Filtering can also be done with the subset() function. When applied to vectors, the difference between using this function and ordinary filtering lies in the manner in which NA values are handled.

x <- c(6,1:3,NA,12)
x
## [1]  6  1  2  3 NA 12
x[x > 5]
## [1]  6 NA 12
subset(x,x > 5)
## [1]  6 12

When we did ordinary filtering in the previous section, R basically said, “Well, x[5] is unknown, so it’s also unknown whether its square is greater than 5.” But you may not want NAs in your results. When you wish to exclude NA values, using subset() saves you the trouble of removing the NA values yourself.
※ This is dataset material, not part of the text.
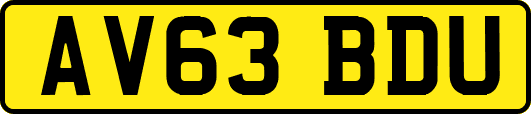 AV63BDU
The Selection Function which()

As you’ve seen, filtering consists of extracting elements of a vector z that satisfy a certain condition. In some cases, though, we may just want to find the positions within z at which the condition occurs. We can do this using which(), as follows:

z <- c(5,2,-3,8)
which(z*z > 8)
## [1] 1 3 4

The result says that elements 1, 3, and 4 of z have squares greater than 8. As with filtering, it is important to understand exactly what occurred in the preceding code. The expression

z*z > 8
## [1]  TRUE FALSE  TRUE  TRUE

is evaluated to (TRUE,FALSE,TRUE,TRUE). The which() function then simply reports which elements of the latter expression are TRUE.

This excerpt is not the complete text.